======== Input

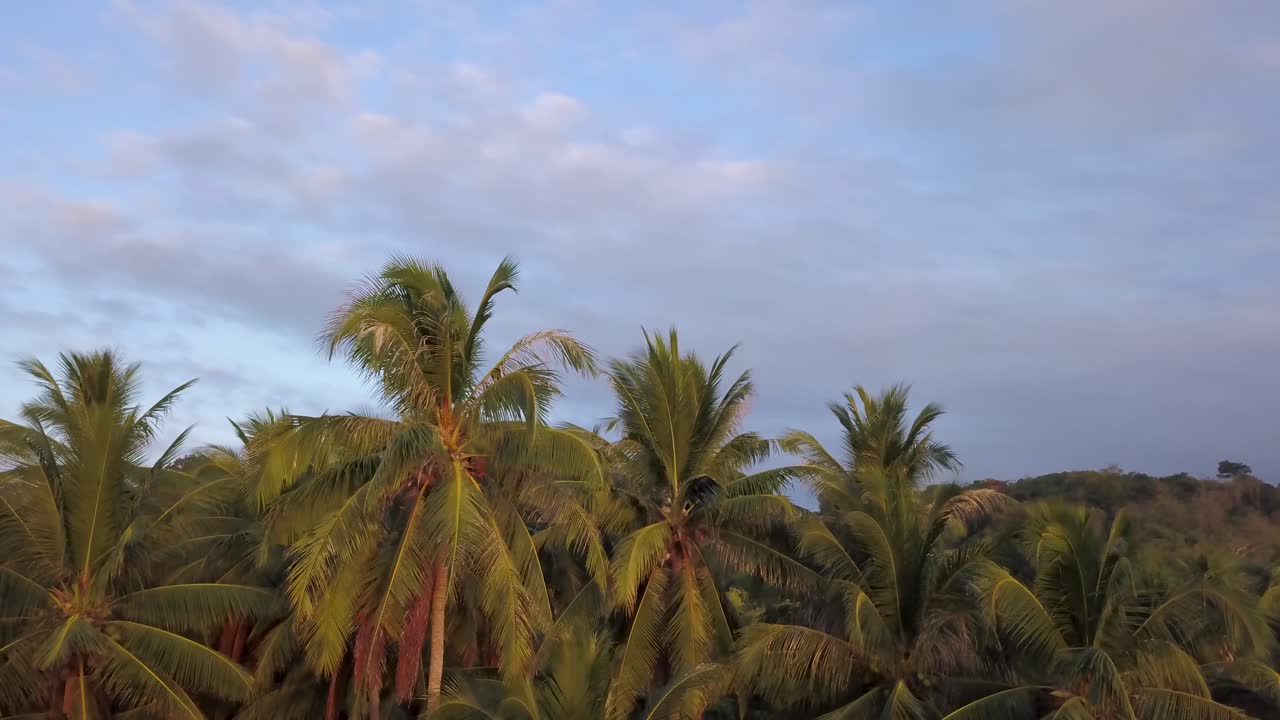 Rotating To The Right Around A Palm Tree With The Sunset Behind The Drone. 4K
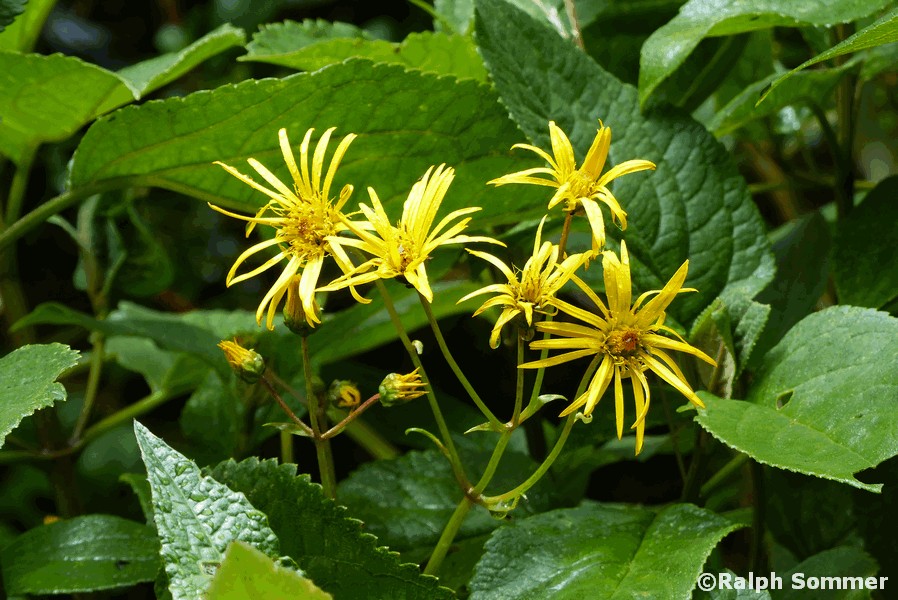 Asteraceae in Ecuador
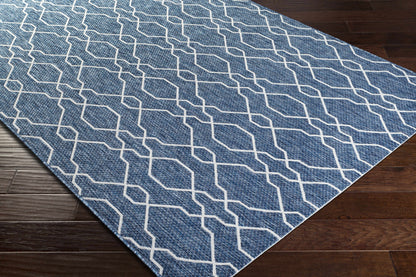Eagean EAG-2381 Machine Woven Rug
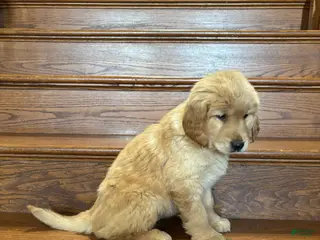 Golden Retriever dogs Red - Ad 1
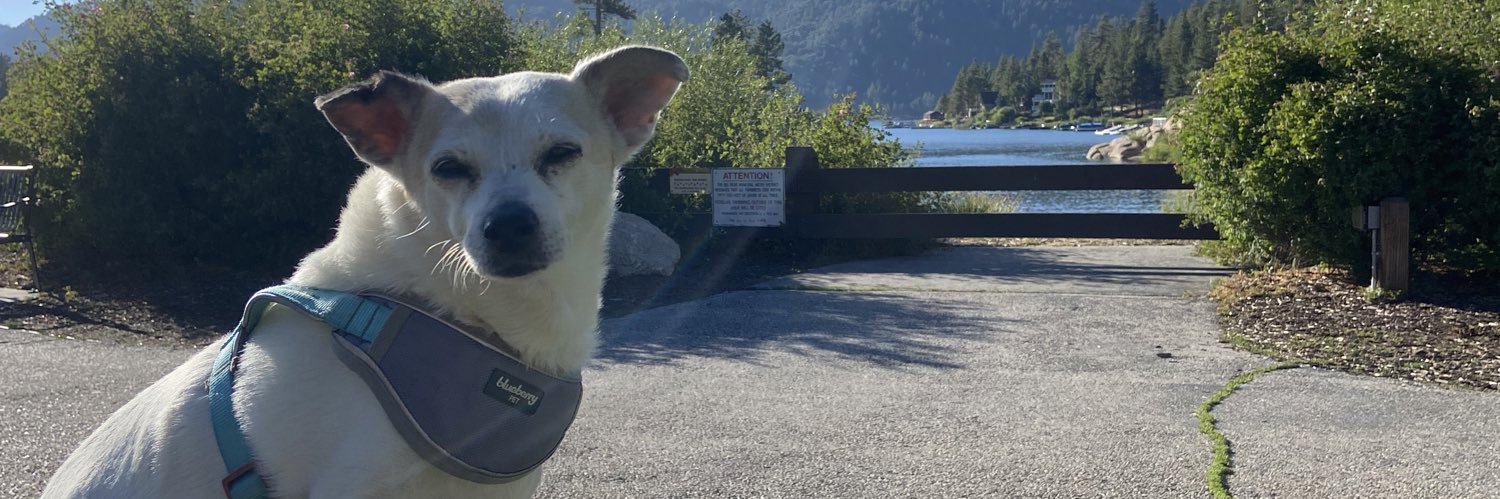 𝒥𝒶𝓈🌻 banner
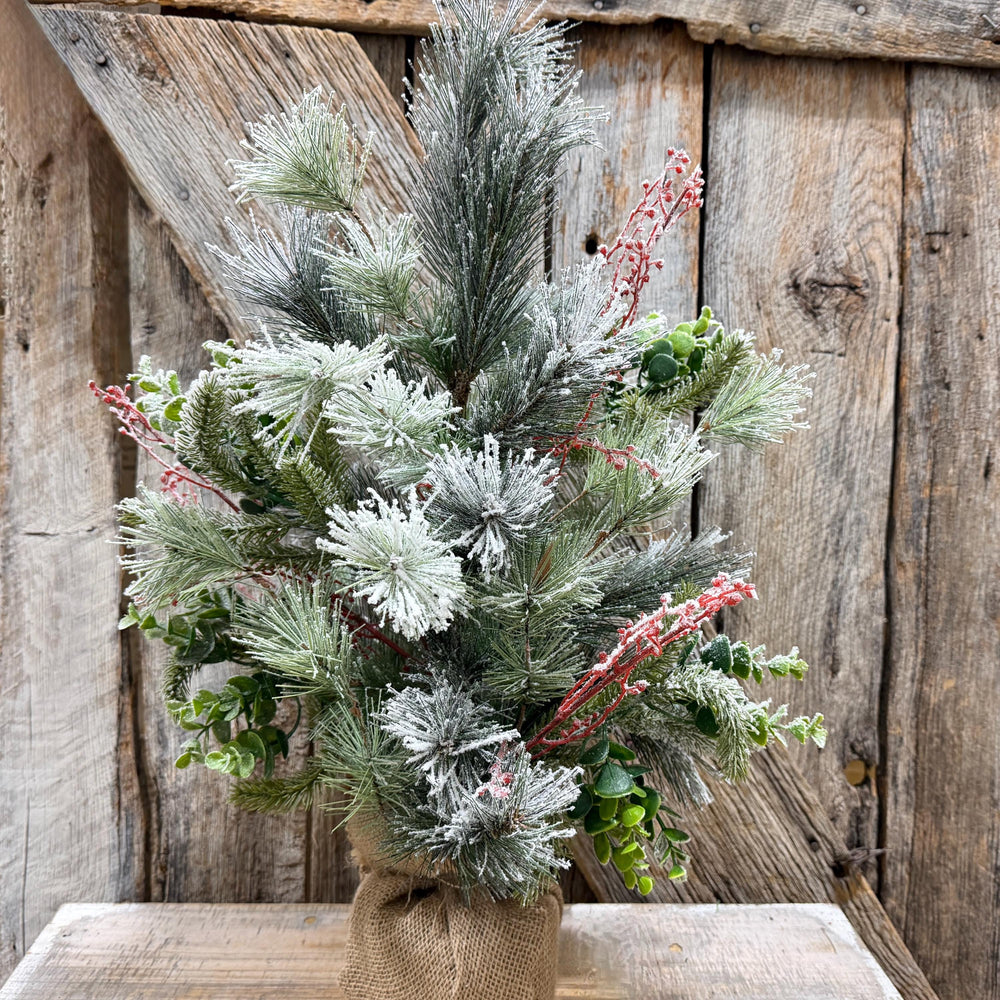 24" Tabletop Christmas Tree, Flocked Eucalptus Tree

================

**Exercise:**
Return all of the material exactly, without pictures.

**Solution for this exercise:**
 Rotating To The Right Around A Palm Tree With The Sunset Behind The Drone. 4K
 Asteraceae in Ecuador
Eagean EAG-2381 Machine Woven Rug
 Golden Retriever dogs Red - Ad 1
 𝒥𝒶𝓈🌻 banner
 24" Tabletop Christmas Tree, Flocked Eucalptus Tree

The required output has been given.